* _Problem description_:
Using the listing below, output only the lines from the one that contains "shineshine Luces de" through the one that contains "Cute ninja-krigare flicka", inclusive, exactly as given and without images.

* _Dataset records_:
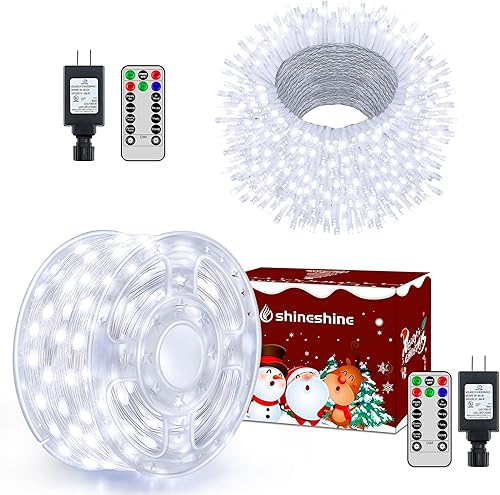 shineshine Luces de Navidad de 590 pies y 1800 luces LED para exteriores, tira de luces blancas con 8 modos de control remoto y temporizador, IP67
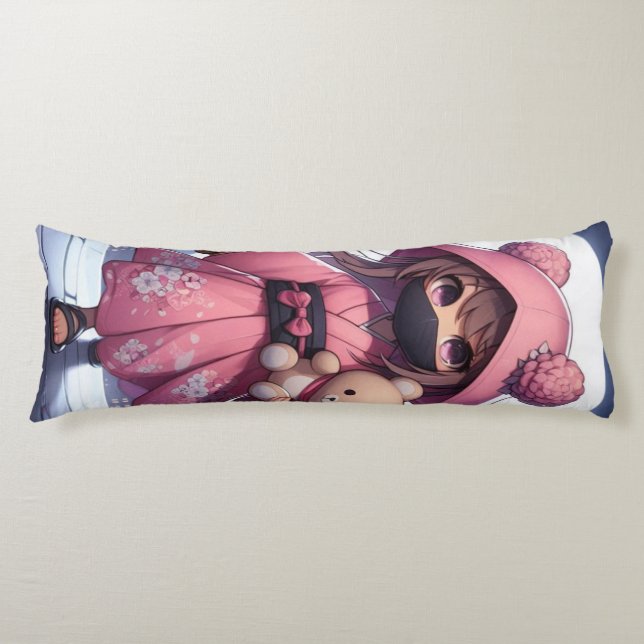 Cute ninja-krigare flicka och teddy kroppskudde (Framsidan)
==
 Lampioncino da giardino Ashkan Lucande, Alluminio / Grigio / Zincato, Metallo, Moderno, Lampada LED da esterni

* _Response box_:
 shineshine Luces de Navidad de 590 pies y 1800 luces LED para exteriores, tira de luces blancas con 8 modos de control remoto y temporizador, IP67
 Cute ninja-krigare flicka och teddy kroppskudde (Framsidan)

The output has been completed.